* _Exercise details_
Only the lines below from the one that holds "Des sacs en plastique via Shutterstock" through the one that holds "MAZDA BIANTE" should appear in the answer, copied exactly, end lines included and pictures omitted.

* _Data for review_
*** Block opens ***

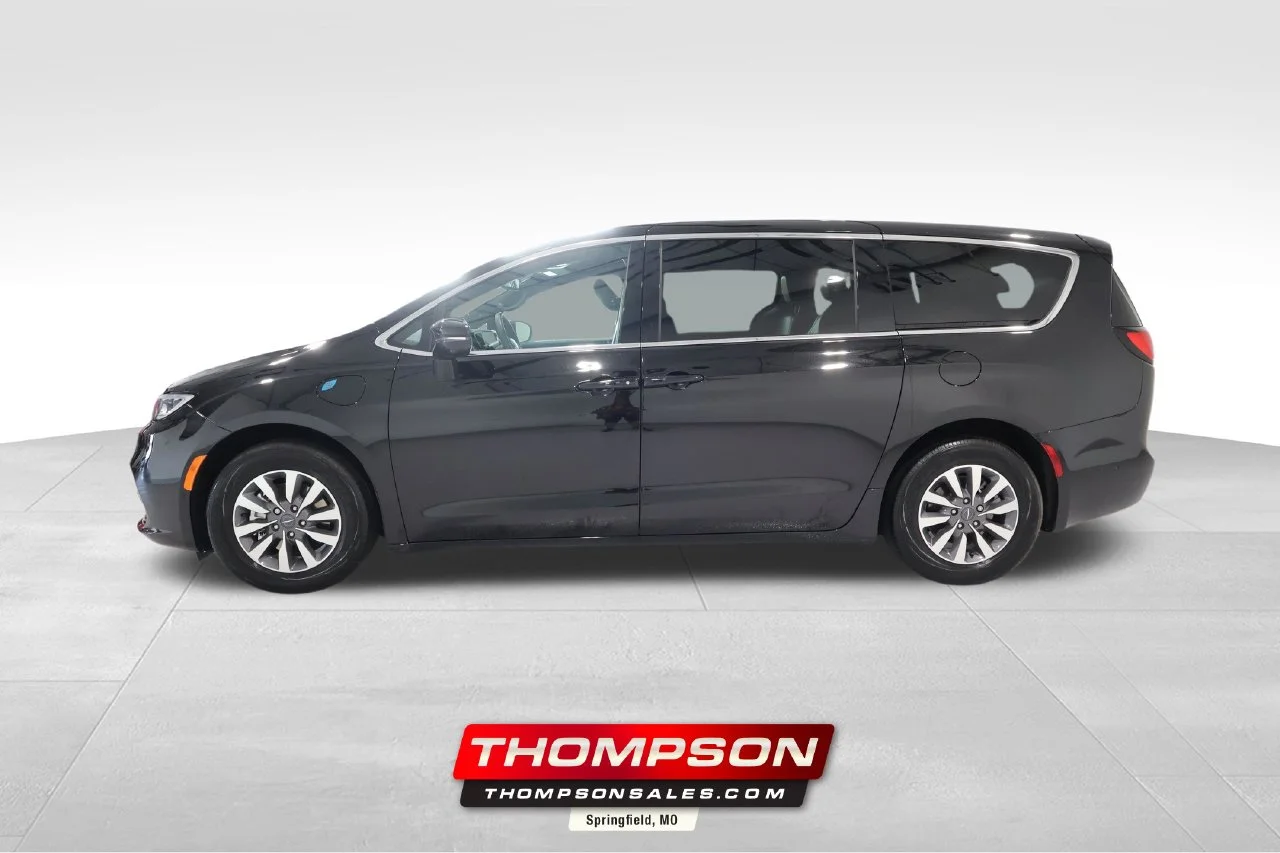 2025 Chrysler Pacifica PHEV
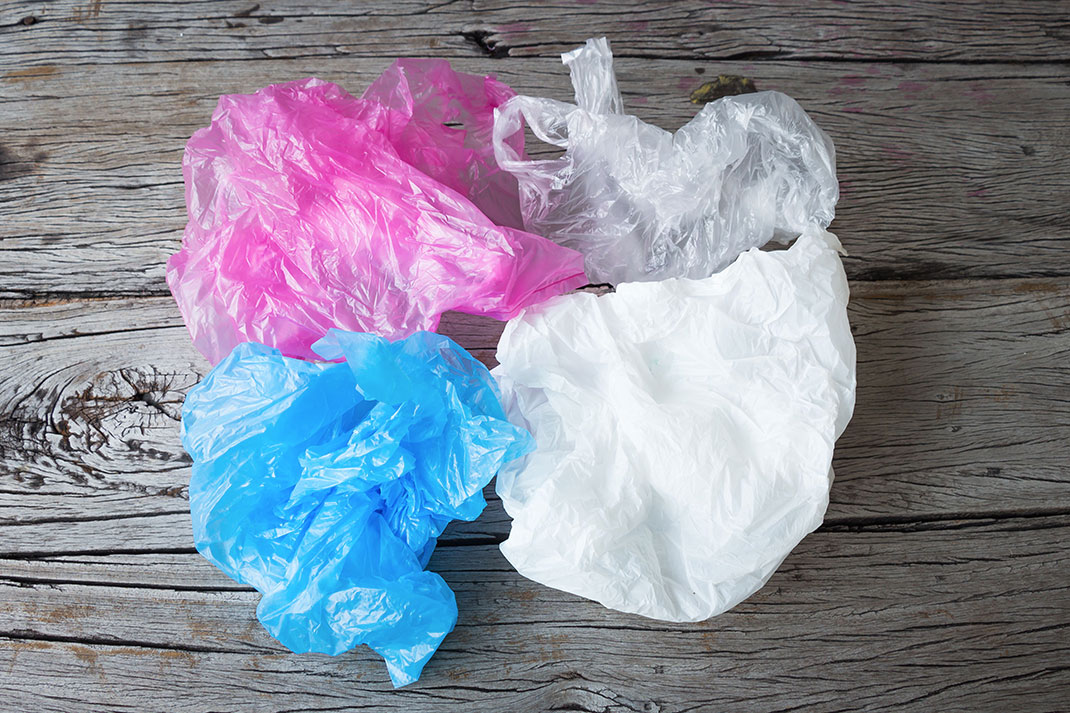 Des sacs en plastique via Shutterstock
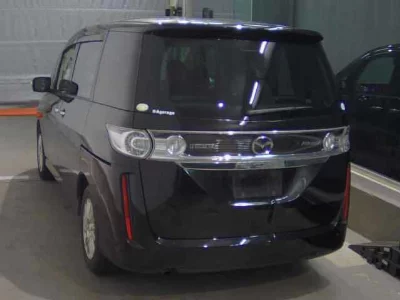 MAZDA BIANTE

*** Block closes ***
*** Block opens ***

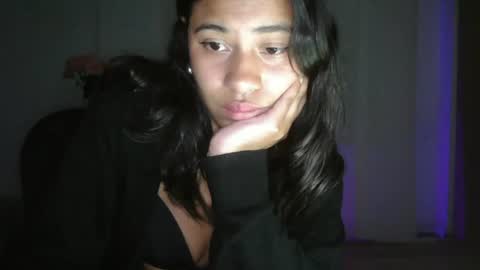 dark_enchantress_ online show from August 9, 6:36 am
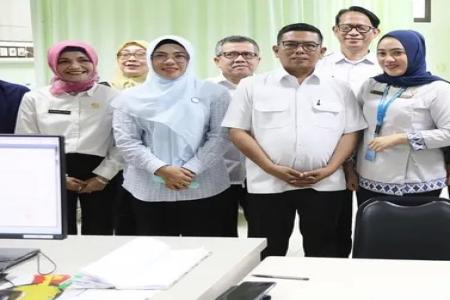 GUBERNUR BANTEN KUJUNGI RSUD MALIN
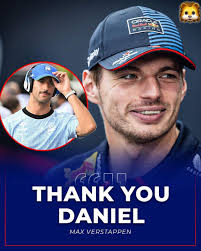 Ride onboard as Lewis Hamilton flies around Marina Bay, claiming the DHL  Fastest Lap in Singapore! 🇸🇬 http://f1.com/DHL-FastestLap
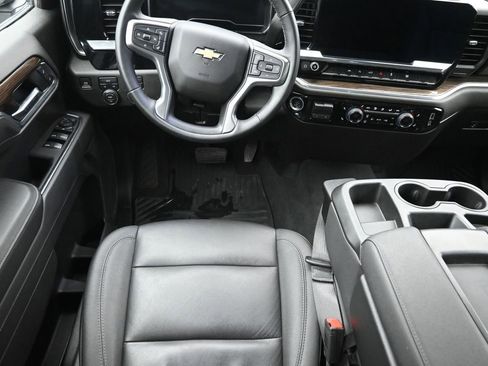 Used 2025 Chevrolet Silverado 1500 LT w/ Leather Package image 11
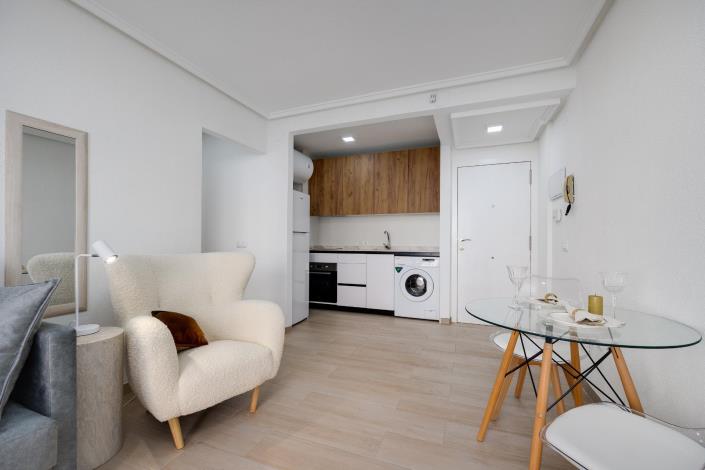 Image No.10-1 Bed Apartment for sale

*** Block closes ***
*** Block opens ***

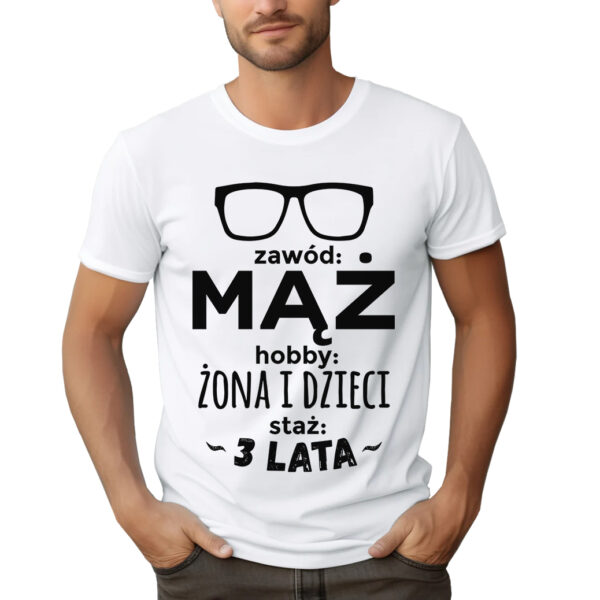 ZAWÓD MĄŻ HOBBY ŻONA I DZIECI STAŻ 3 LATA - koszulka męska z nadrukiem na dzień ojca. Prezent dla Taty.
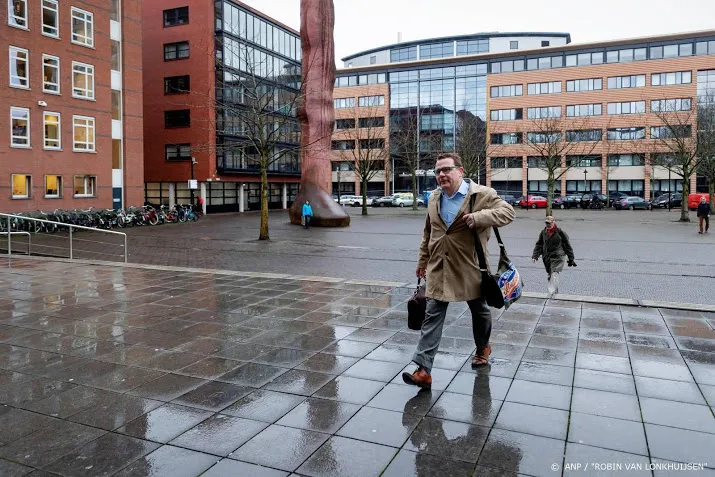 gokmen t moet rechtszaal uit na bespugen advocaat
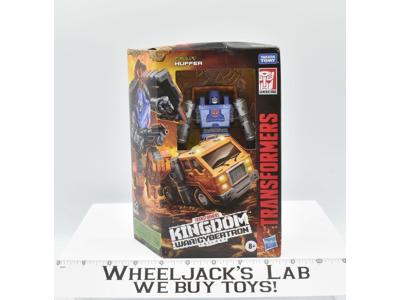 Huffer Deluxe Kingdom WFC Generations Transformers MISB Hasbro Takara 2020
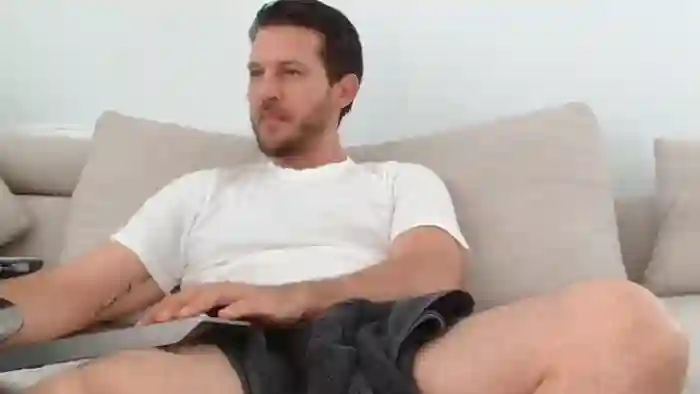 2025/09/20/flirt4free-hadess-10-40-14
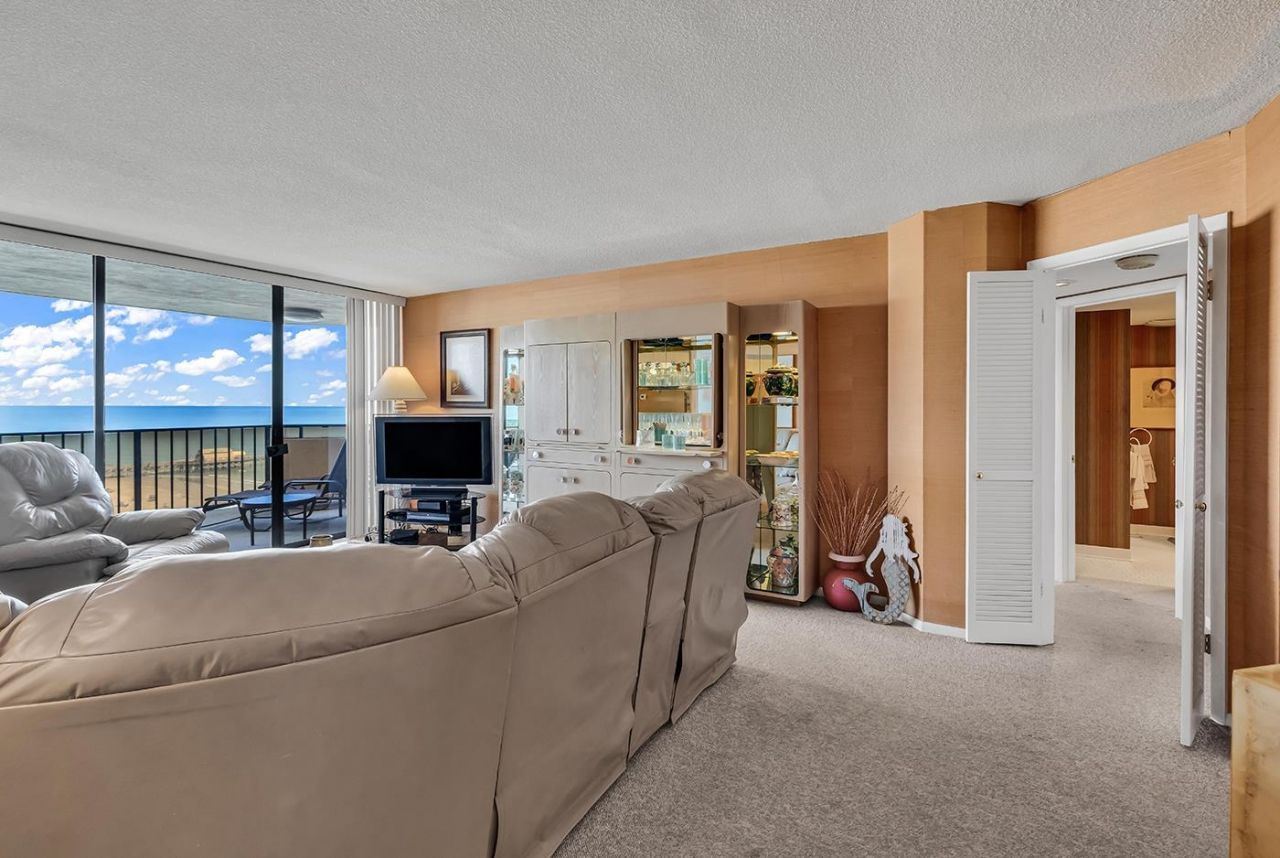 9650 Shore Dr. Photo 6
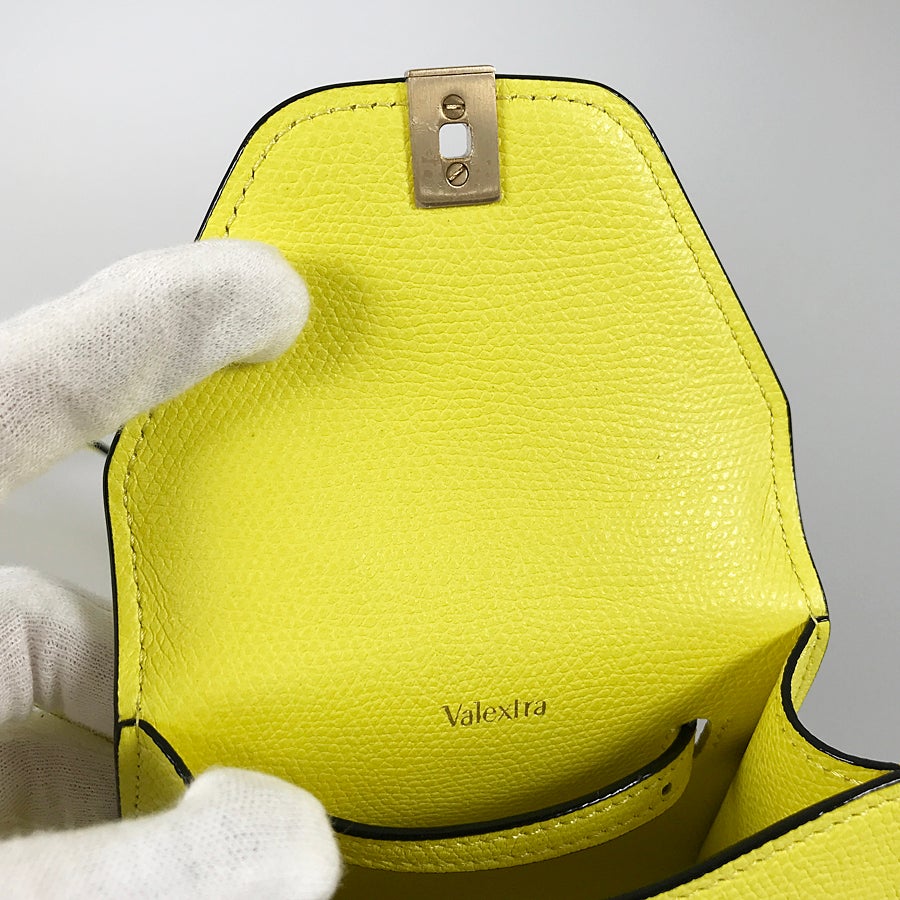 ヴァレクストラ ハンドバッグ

*** Block closes ***

* _Result for this task_
 Des sacs en plastique via Shutterstock
 MAZDA BIANTE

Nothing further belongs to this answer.